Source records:
◇ ◇ ◇ ◇ ◇ ◇ ◇
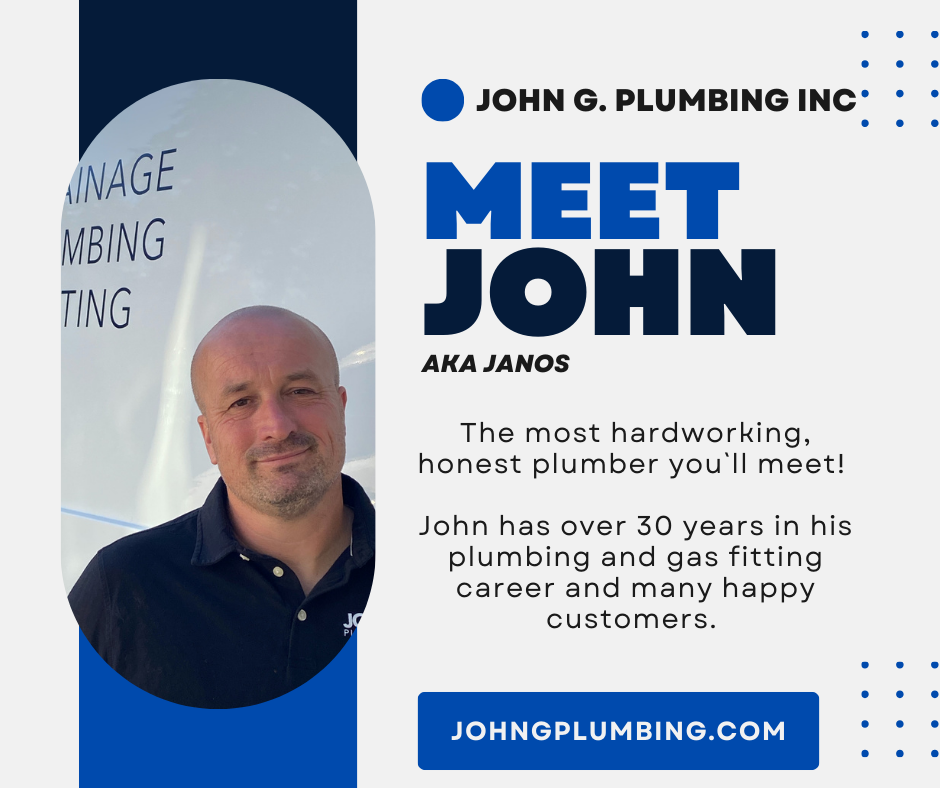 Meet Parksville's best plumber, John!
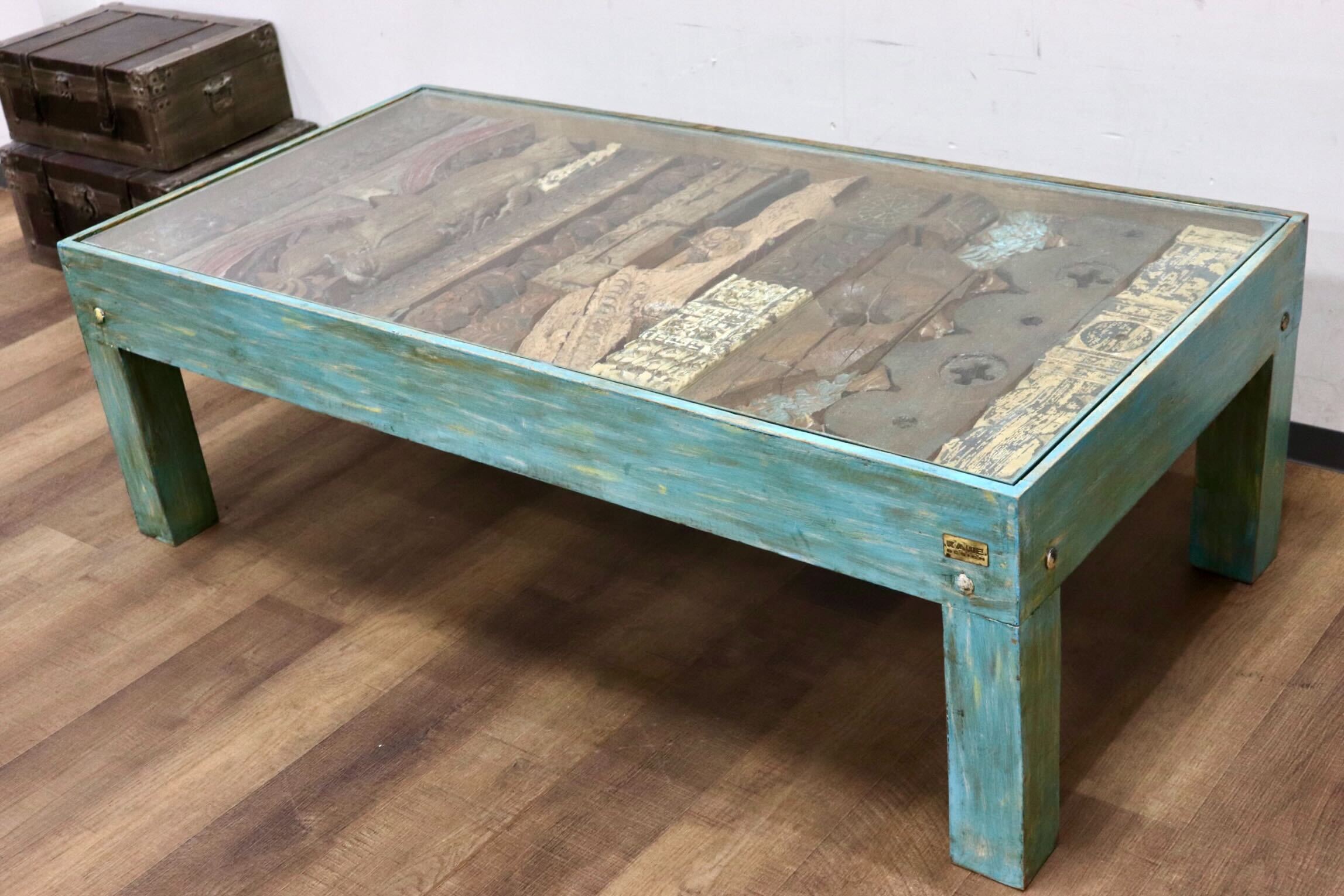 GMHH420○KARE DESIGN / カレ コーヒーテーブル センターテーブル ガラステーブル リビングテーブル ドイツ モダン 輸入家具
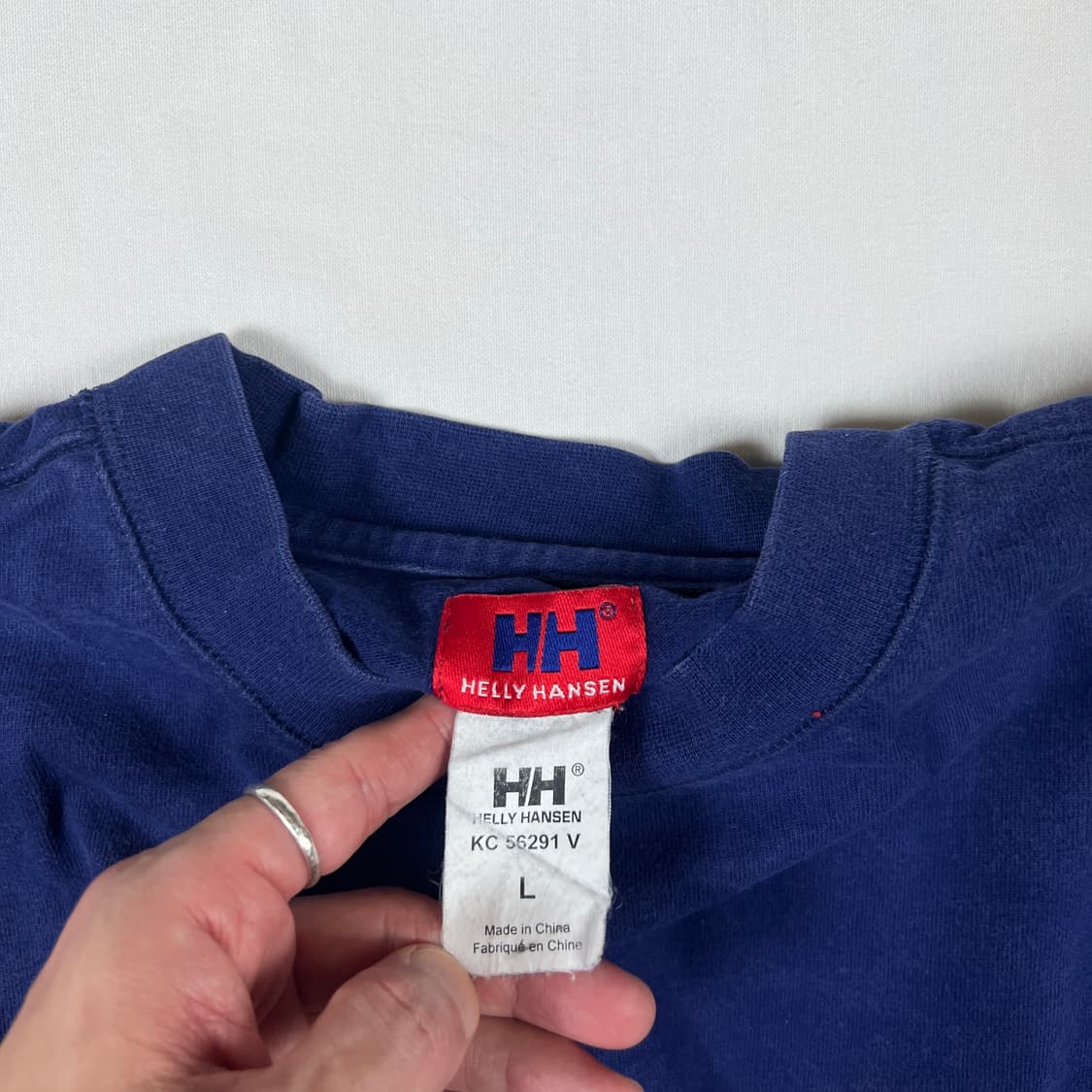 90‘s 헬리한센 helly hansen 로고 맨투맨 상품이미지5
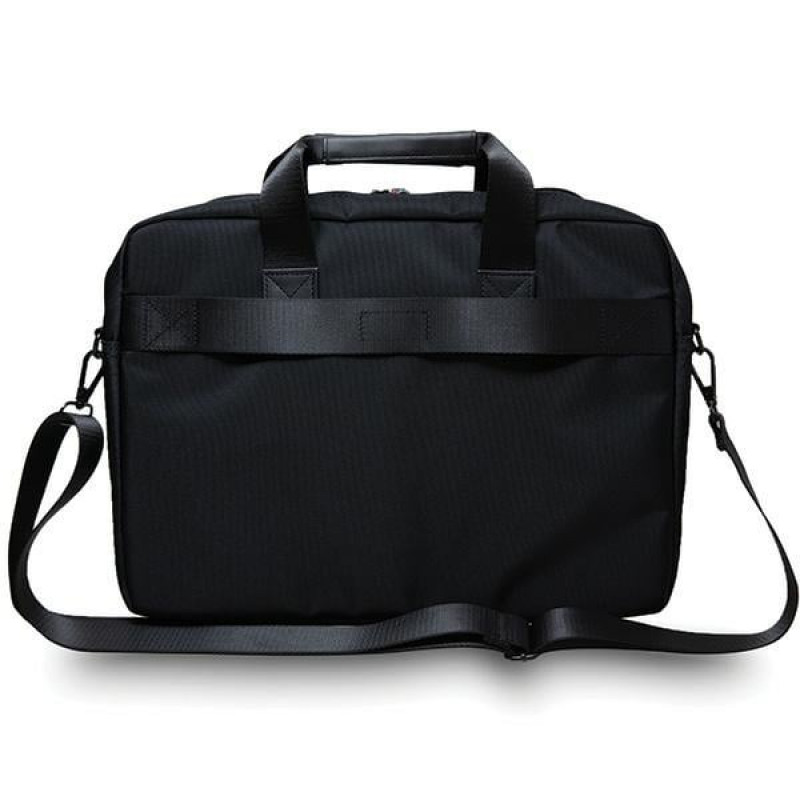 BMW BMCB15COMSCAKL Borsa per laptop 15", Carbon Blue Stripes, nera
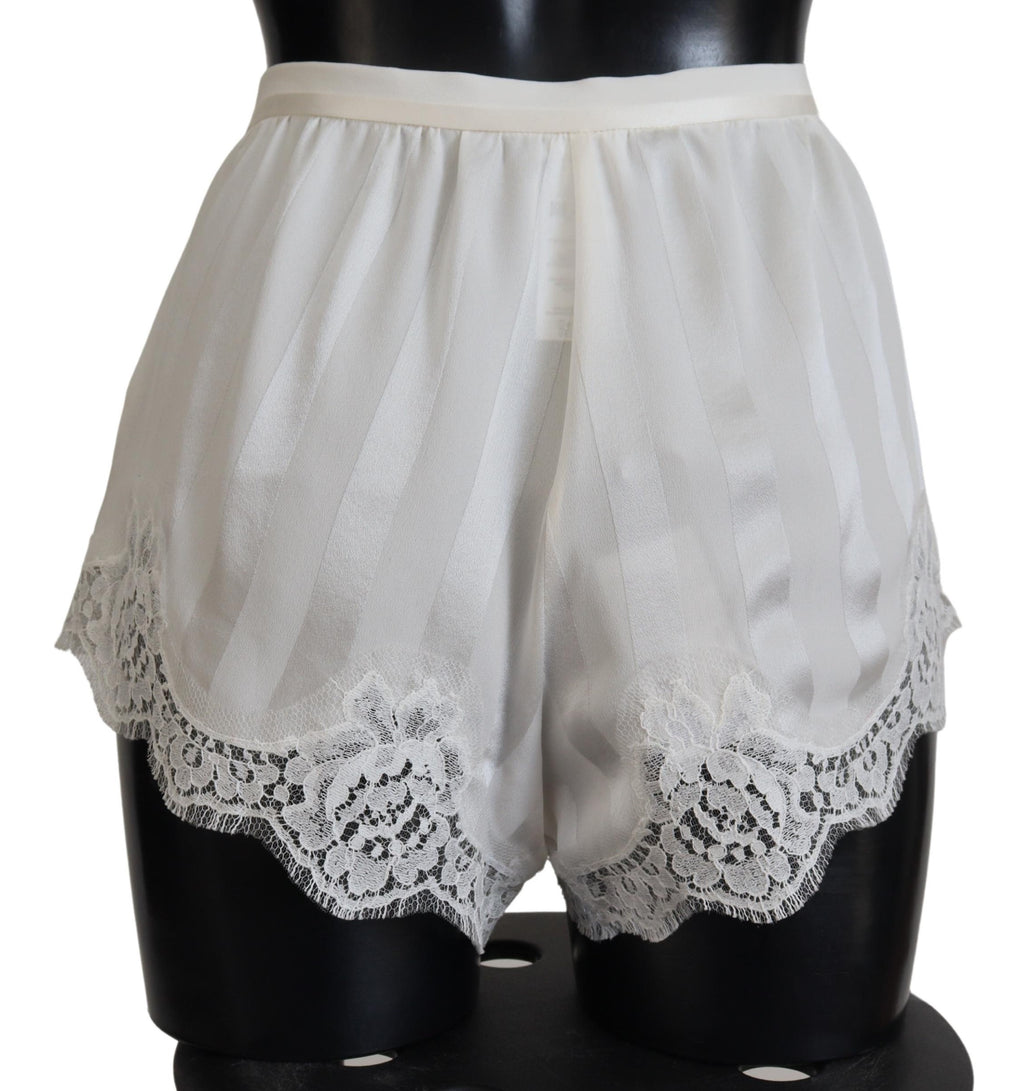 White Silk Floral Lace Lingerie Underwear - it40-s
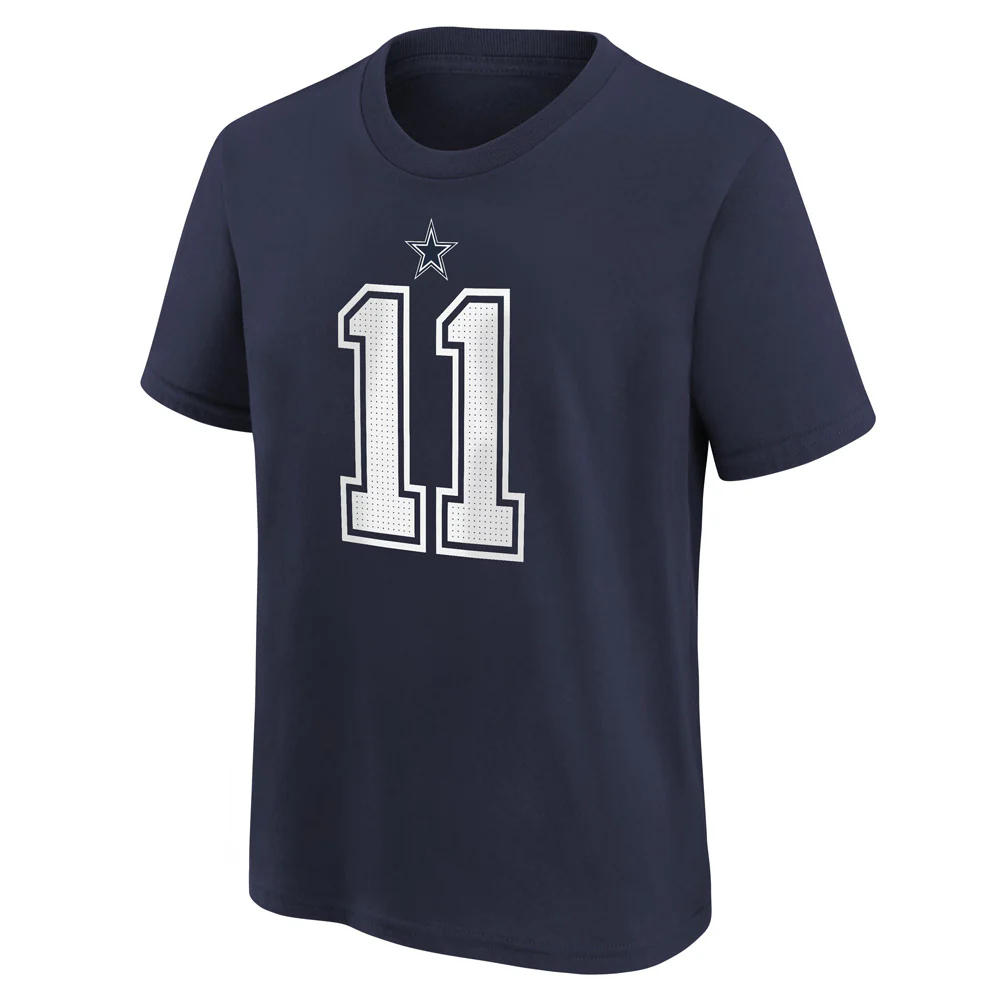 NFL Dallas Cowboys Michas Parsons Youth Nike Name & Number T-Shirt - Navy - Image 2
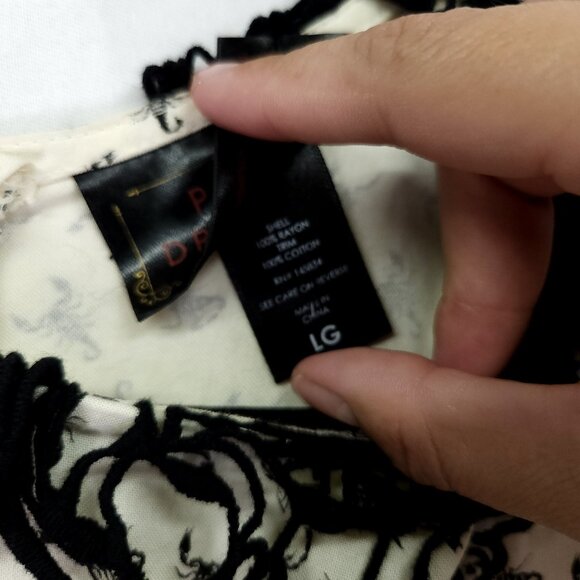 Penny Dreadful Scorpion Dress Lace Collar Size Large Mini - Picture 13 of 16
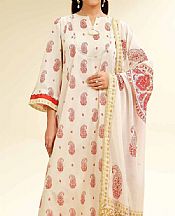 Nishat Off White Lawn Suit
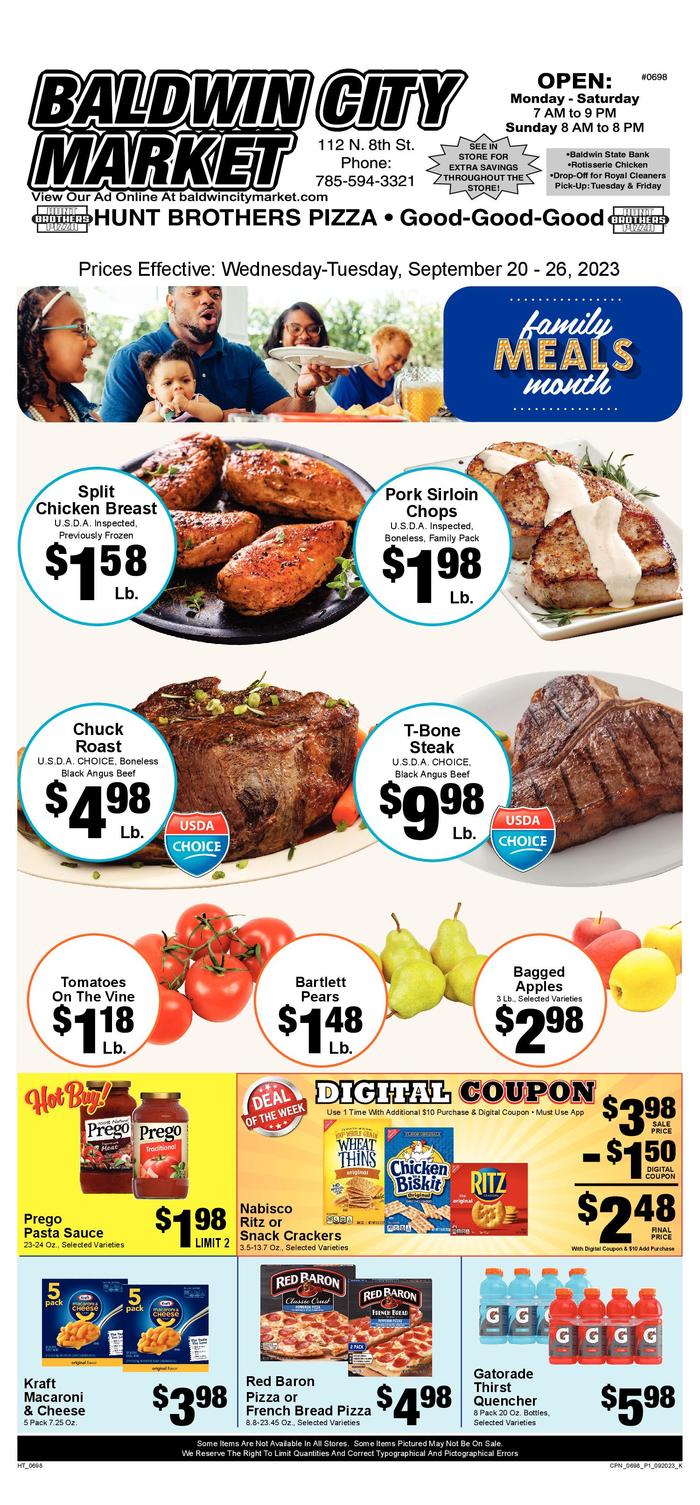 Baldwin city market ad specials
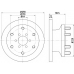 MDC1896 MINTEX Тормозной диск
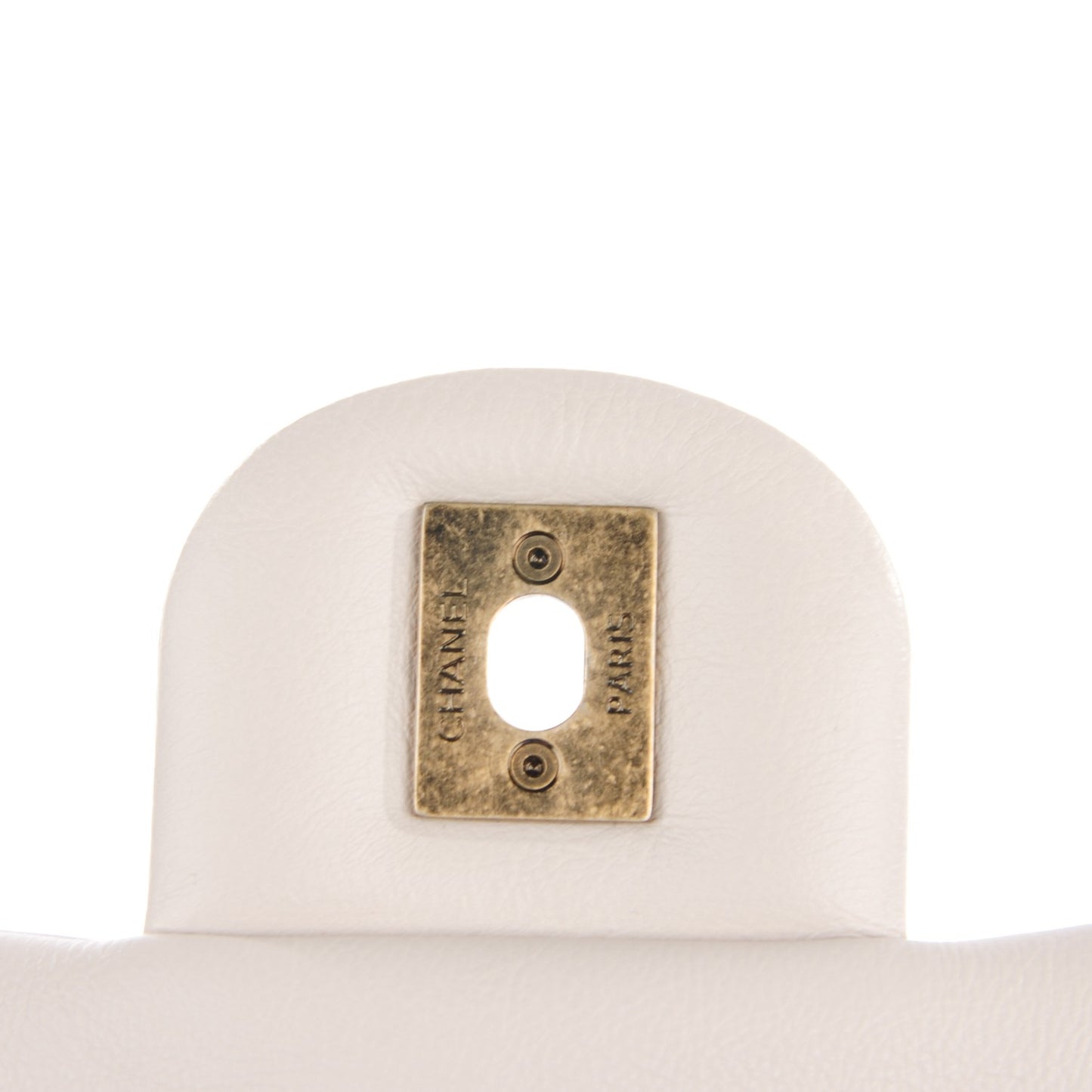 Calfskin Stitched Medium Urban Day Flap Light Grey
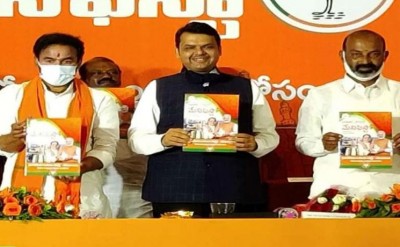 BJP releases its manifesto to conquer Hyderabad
◇ ◇ ◇ ◇ ◇ ◇ ◇
### Task objective:
An exact copy of every entry, minus the pictures, is what you should return.

### Solution to the problem:
 Meet Parksville's best plumber, John!
 GMHH420○KARE DESIGN / カレ コーヒーテーブル センターテーブル ガラステーブル リビングテーブル ドイツ モダン 輸入家具
 90‘s 헬리한센 helly hansen 로고 맨투맨 상품이미지5
 BMW BMCB15COMSCAKL Borsa per laptop 15", Carbon Blue Stripes, nera
 White Silk Floral Lace Lingerie Underwear - it40-s
 NFL Dallas Cowboys Michas Parsons Youth Nike Name & Number T-Shirt - Navy - Image 2
 Penny Dreadful Scorpion Dress Lace Collar Size Large Mini - Picture 13 of 16
 Nishat Off White Lawn Suit
 Baldwin city market ad specials
 MDC1896 MINTEX Тормозной диск
 Calfskin Stitched Medium Urban Day Flap Light Grey
 BJP releases its manifesto to conquer Hyderabad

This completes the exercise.